YOUR GOAL
Your task is to repeat the lines below exactly, excluding any pictures they contain.

AVAILABLE DATA
▼▼▼

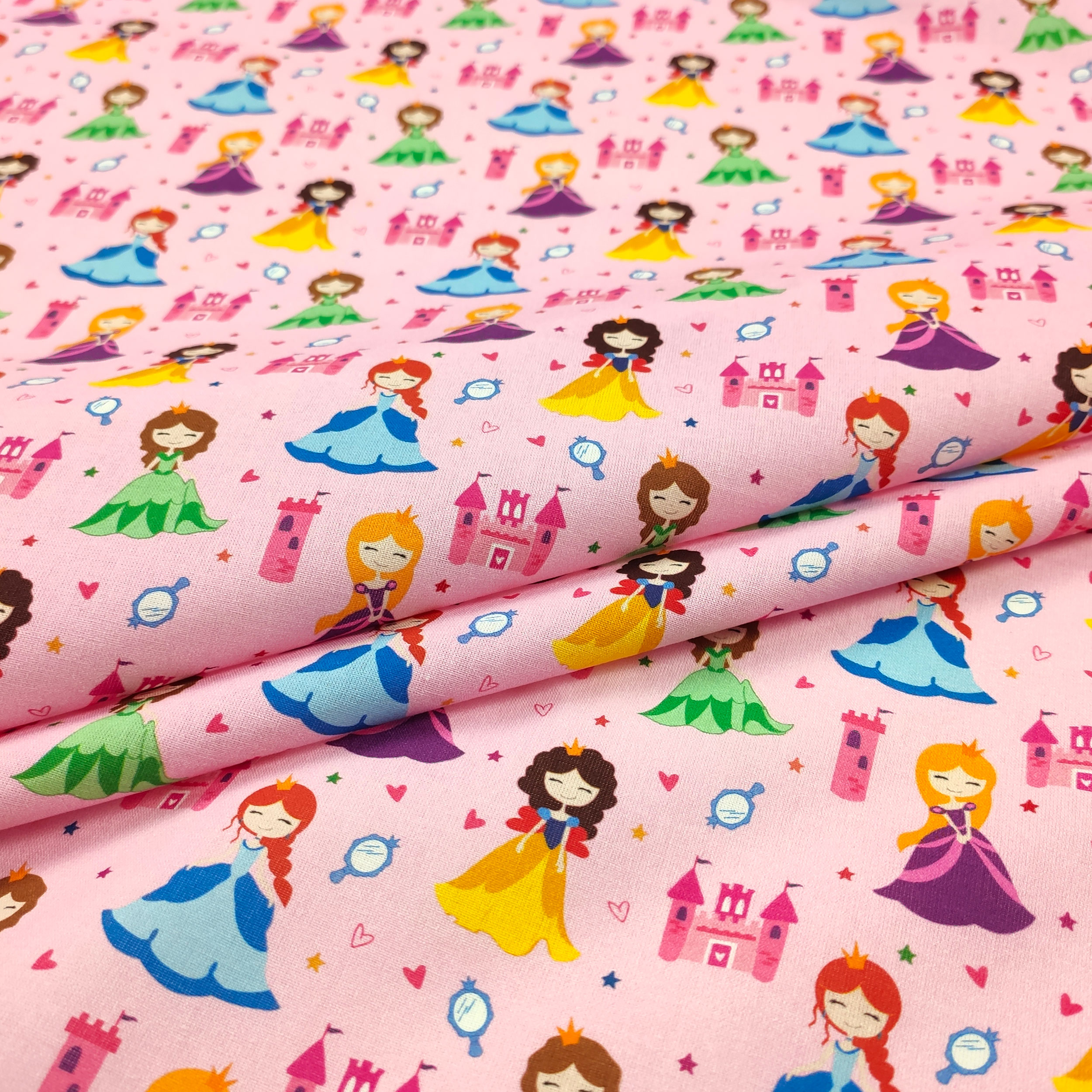 Tissu de coton Petites princesses fond rose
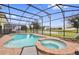Freeform pool and spa with covered patio, string lights and view of lake at 4449 Shiva Loop, Kissimmee, FL 34746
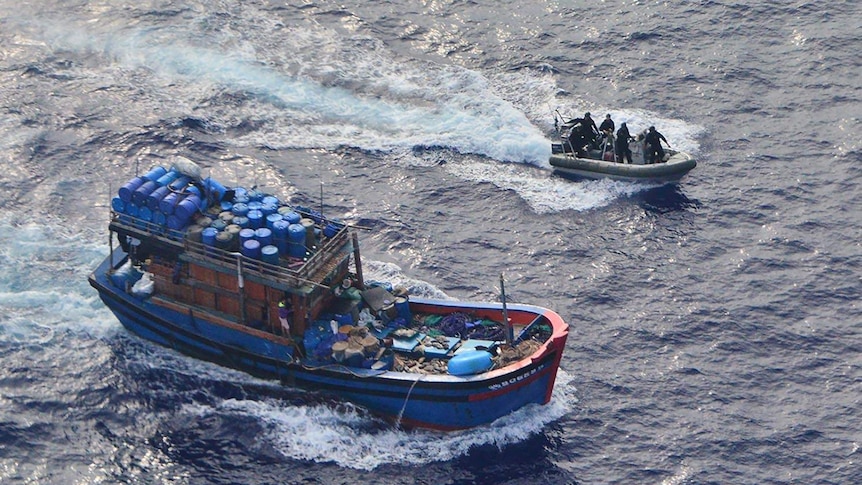 Australian Border Force officers pursuing a foreign fishing boat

▲▲▲

EXPECTED OUTPUT
 Tissu de coton Petites princesses fond rose
Freeform pool and spa with covered patio, string lights and view of lake at 4449 Shiva Loop, Kissimmee, FL 34746
 Australian Border Force officers pursuing a foreign fishing boat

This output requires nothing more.